Em 2012, o petebista foi diagnosticado com um tumor no pâncreas. A defesa de Jefferson tentou fazer com que o ex-deputado cumprisse pena domiciliar, mas Joaquim Barbosa negou. O ex-deputado tenta autorização para levar para a prisão cerca de 20 medicamentos que fazem parte de seu tratamento. Na última sexta-feira, como revelou O GLOBO, Roberto Jefferson iniciou a campanha de arrecadação de dinheiro dentro do PTB para pagar a multa de R$ 720 mil determinada pelo Supremo Tribunal Federal. A filha dele, Cristiane Brasil, secretária municipal de Envelhecimento e Qualidade de Vida no governo Eduardo Paes (PMDB), foi a primeira pessoa a doar, mas não soube dizer quanto.

Leia a entrevista:
Como você está se sentindo neste momento?
Estou sereno. Tenho que pagar a conta para a sociedade. Não me rebelo. O tempo vai dizer se (a prisão) é justa ou não.

Como você imagina a sua primeira noite na cadeia?
Não sei. Nem imagino. Não deve ser legal, mas, com o tempo, eu vou me acostumar. Vou procurar ficar sereno neste primeiro momento. Agora, você me lembrou! Não sei se posso levar toalha de banho. Vou perguntar aqui para a Polícia Federal. O senhor é meu refúgio. Tenho fé.

Qual é a recomendação que você deixa para a sua família?
Serenidade e não esquecer da lição de Benjamin Disraeli, ex-primeiro ministro britânico: "Never complain, never explain”. Ou seja: Nunca reclame, nunca explique.

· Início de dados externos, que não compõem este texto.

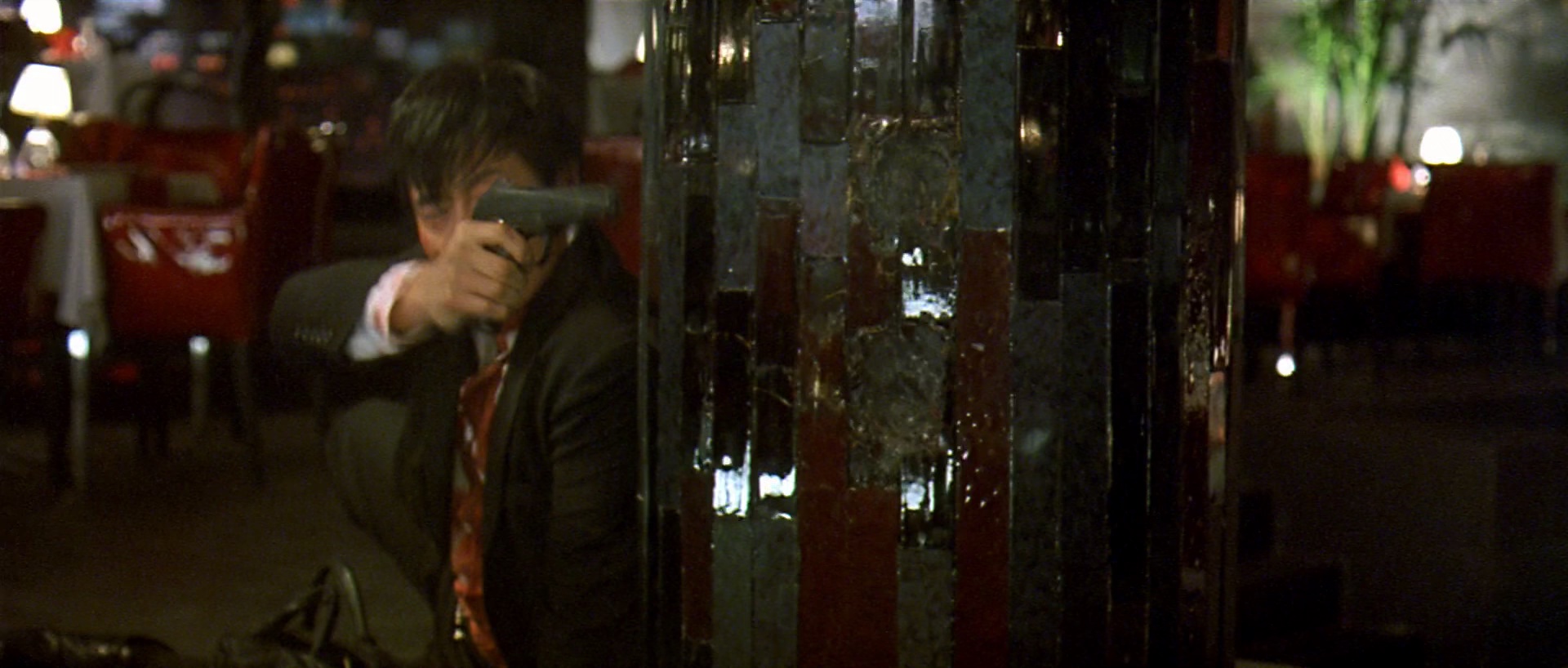 甜蜜的人生 [简繁英字幕].A.Bittersweet.Life.2005.Director's.Cut.BluRay.1080p.x265.10bit.DDP.5.1-SSDSSE 9.54GB-7.png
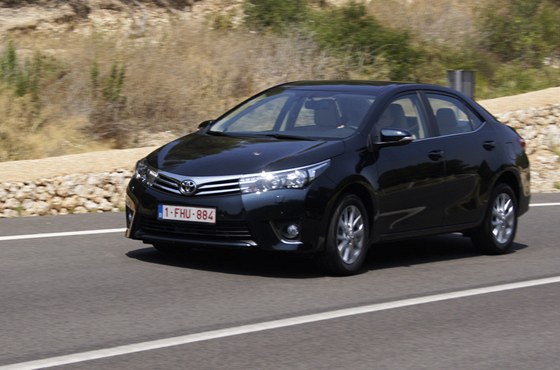 Nov Toyota Corolla na klikatch silnicch Mallorky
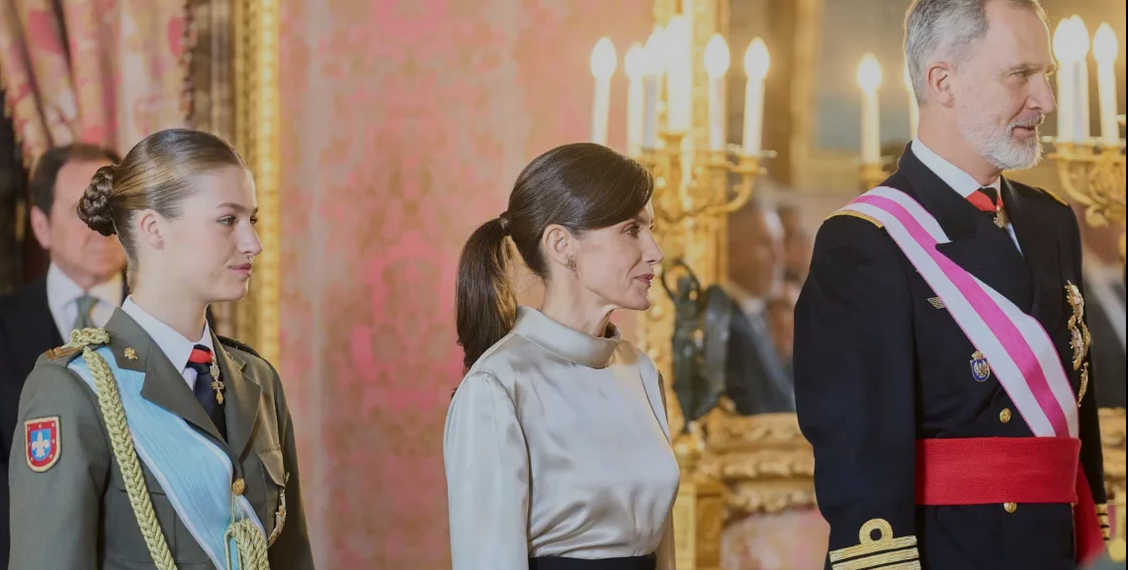 La princesse Leonor en tenue militaire aux côtés de sa mère 1 - Le Progrès Egyptien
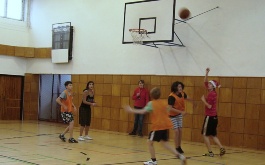 vanocni-skolni-turnaj-ve-streetballu-21-12-2011_11.jpg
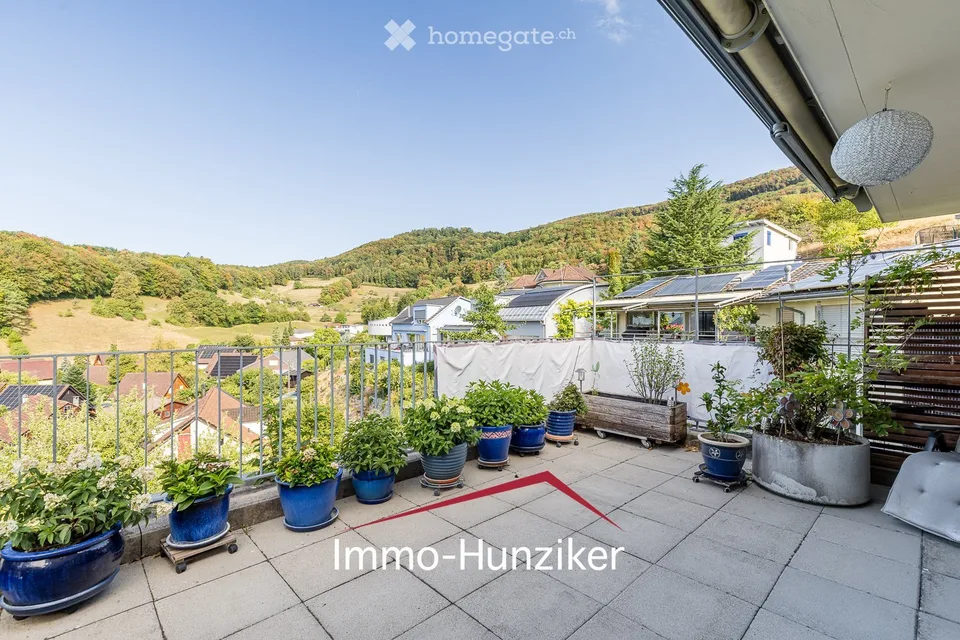 Living in an exclusive location with a view - single-family house with annex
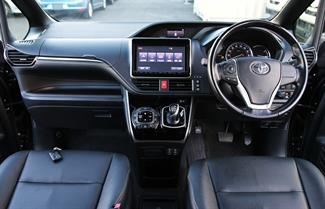 2015 Toyota Esquire - Thumbnail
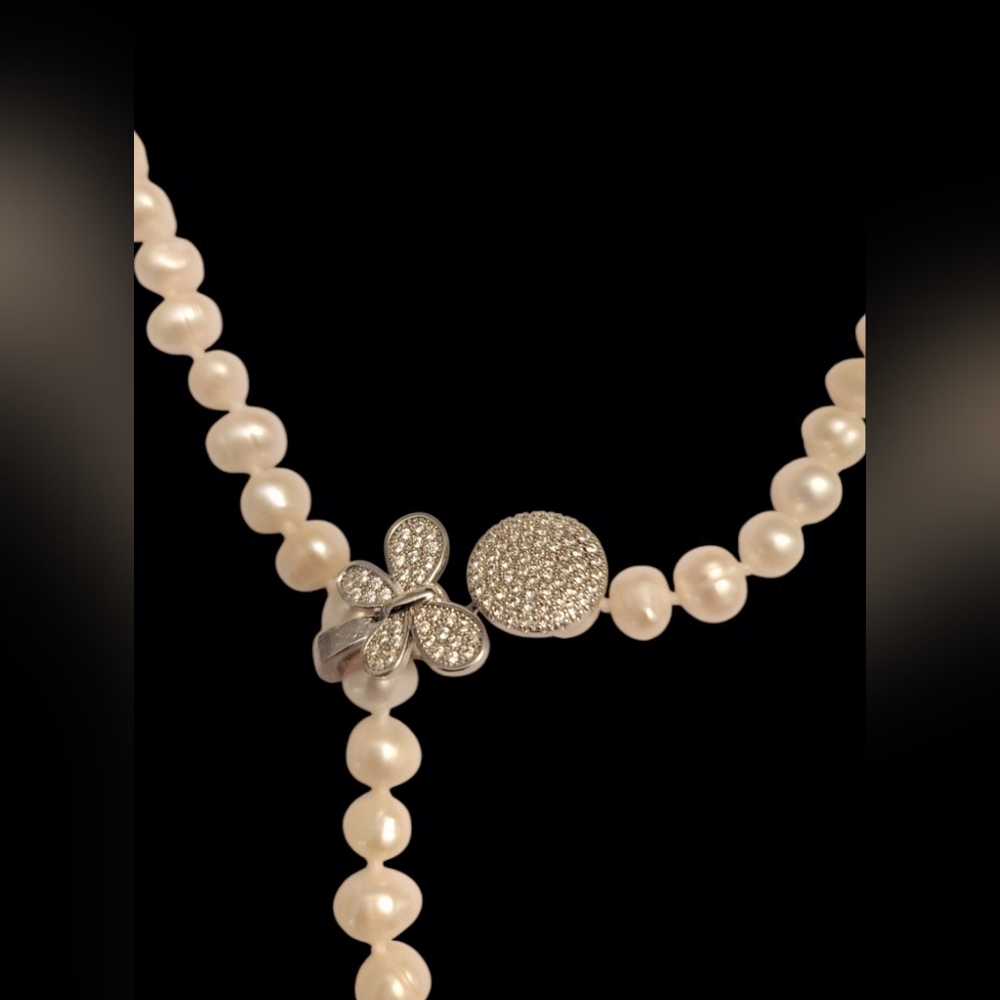 CLOSING CLOSET SALE 2 DAYS ONLY! Elegant Fresh Water Pearl Necklace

Serenidade e humildade. Tudo passa.

Você vai querer trabalhar? Pretende fazer o que daqui para frente?
No momento, vou fazer o que me for ajustado. Mas claro que quero trabalhar. No momento oportuno, vou trabalhar.

Na sua opinião, todos os envolvidos no mensalão foram presos e condenados justamente?
Cada um deve ter a própria sentença na cabeça. Eu tenho a minha. Mas isso é coisa de foro íntimo.